うるいの概要
うるいは多年草のオオバギボウシの若葉です。ウリッパ、アマナ、ギンボ、山かんぴょうといった別名があります。北海道から本州、四国、九州と広い地域に分布し、古くから山菜として食べられてきました。最近では他の山菜と同じように、ハウスでの促成栽培が進められています。そのため旬の季節以外でも、スーパーなどでの購入が可能となりました。
名前の由来
葉色がウリ類の葉色、または皮に似ていることから「瓜菜(うりな)」と呼ばれていたのが転訛して「うるい」になったという説、湿地に生えるため、水分が多く含まれていることから「潤い」という意味で「うるい」と名付けられたという説があります。
ちなみにオオバギボウシという名前は葉が大きいことと、つぼみが擬宝珠(ギボシ)に似ていることに由来しています。
うるいの主な産地は?
主な産地は東北地方
うるいは前にも触れたように、北海道から四国、九州と、広い地域に分布しています。もっと正確に言えば、日当たりのよい山地の草原や湿地などに群生していることが多いです。その中で主な産地というと東北地方でしょう。東北地方では昔から早春の山菜として、うるいが食べられてきました。生産量全国一位の山形県では、促成栽培したうるいを「雪うるい」というブランド名で販売しています。
茹で干しすれば保存も可能
山菜は保存がききにくいことが多いのですが、うるいは茹で干しすると「山かんぴょう」という保存食になります。この点も東北地方で古くから食べられてきた理由でしょう。東北地方は冬の寒さが厳しく、野菜が貴重である地域です。保存がきく山菜はとてもありがたい存在だったでしょう。
オオバギボウシ(うるい)の特徴
オオバギボウシはリュウゼツラン亜科ギボウシ属の多年草で、山菜としての旬の季節は早春ですが、花の見頃は夏です。6月から8月にかけて白、または淡い紫色の花を咲かせます。オオバギボウシは丈夫で株を増やすのも簡単な上に、葉や花も美しいことから鑑賞用園芸植物として栽培されることもあります。
オオバギボウシの基本データ
学名 | Hosta sieboldiana |
科名 | リュウゼツラン亜科 |
属名 | ギボウシ属 |
別名 | トウギボウシ、ハヤザキオオバギボウシ、ウノハナギボウシ、ウツリギボウシ、アツバギボウシ |
分布地域 | 北海道、本州、四国、九州。

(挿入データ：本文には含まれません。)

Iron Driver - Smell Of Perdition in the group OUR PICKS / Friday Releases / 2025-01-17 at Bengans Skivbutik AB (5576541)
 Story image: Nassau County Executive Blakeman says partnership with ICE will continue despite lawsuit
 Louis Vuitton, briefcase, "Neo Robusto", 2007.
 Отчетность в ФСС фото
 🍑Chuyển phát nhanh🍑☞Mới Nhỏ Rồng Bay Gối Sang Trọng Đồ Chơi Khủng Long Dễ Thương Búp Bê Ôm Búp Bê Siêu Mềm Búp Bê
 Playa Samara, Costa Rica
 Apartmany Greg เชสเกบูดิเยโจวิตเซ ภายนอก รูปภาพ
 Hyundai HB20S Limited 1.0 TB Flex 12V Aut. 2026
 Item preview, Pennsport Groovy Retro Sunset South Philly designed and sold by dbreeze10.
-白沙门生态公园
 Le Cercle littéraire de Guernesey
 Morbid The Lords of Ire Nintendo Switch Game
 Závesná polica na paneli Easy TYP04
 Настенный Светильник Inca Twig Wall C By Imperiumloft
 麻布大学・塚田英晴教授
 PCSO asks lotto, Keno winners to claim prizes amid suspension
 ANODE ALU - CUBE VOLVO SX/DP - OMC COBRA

山地の草原や湿地に群生していることが多い。 |
開花時期 | 6月~8月 |
うるいとギボウシとの違い
うるい(オオバギボウシ)はギボウシの仲間で野生種です。もっと正確に言うと、ギボウシとはキジカクシ科リュウゼツラン亜科ギボウシ属の総称で、丈夫で育てやすく食用にできること、花が美しいので鑑賞用にもなることから、昔から盛んに栽培されてきました。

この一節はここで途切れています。